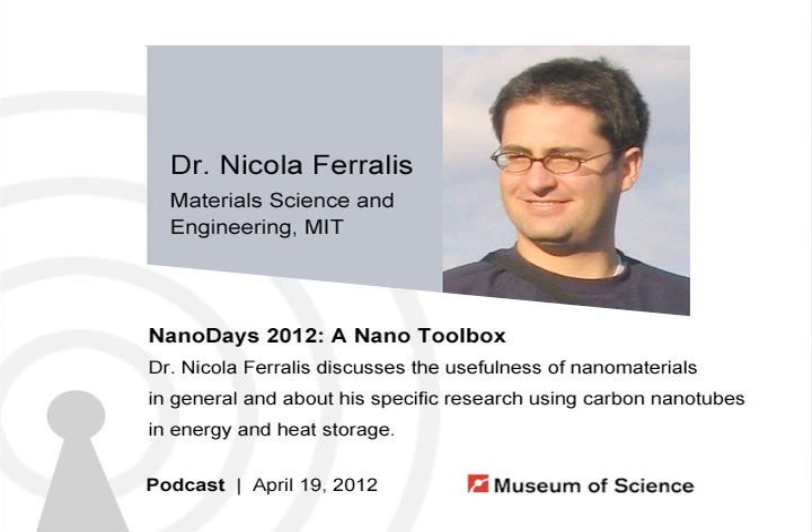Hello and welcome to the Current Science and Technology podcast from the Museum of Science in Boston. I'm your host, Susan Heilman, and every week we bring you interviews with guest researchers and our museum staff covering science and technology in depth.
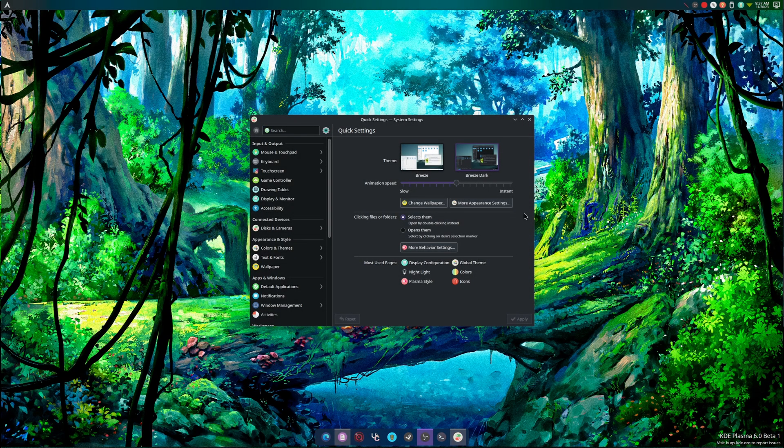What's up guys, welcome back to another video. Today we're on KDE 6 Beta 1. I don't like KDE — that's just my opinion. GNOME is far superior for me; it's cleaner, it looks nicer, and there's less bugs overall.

--

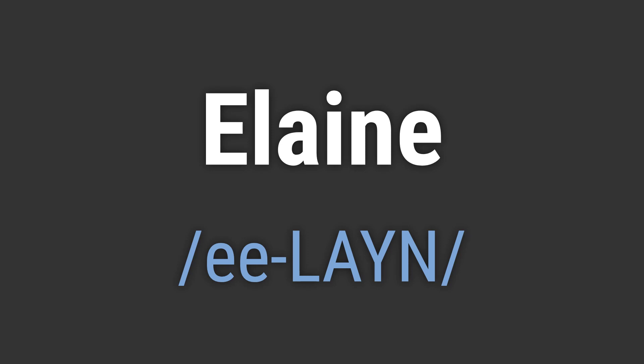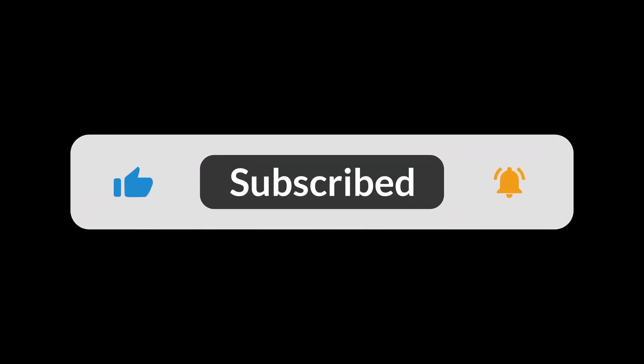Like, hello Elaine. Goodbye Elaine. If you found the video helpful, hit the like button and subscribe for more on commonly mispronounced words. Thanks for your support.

◆ **Task instructions**: Look above for the line with "Hello and welcome" and the line with "What's up guys, welcome". Give again exactly those two lines and all lines between them, pictures excluded.

◆ **Answer to this task**:
Hello and welcome to the Current Science and Technology podcast from the Museum of Science in Boston. I'm your host, Susan Heilman, and every week we bring you interviews with guest researchers and our museum staff covering science and technology in depth.
What's up guys, welcome back to another video. Today we're on KDE 6 Beta 1. I don't like KDE — that's just my opinion. GNOME is far superior for me; it's cleaner, it looks nicer, and there's less bugs overall.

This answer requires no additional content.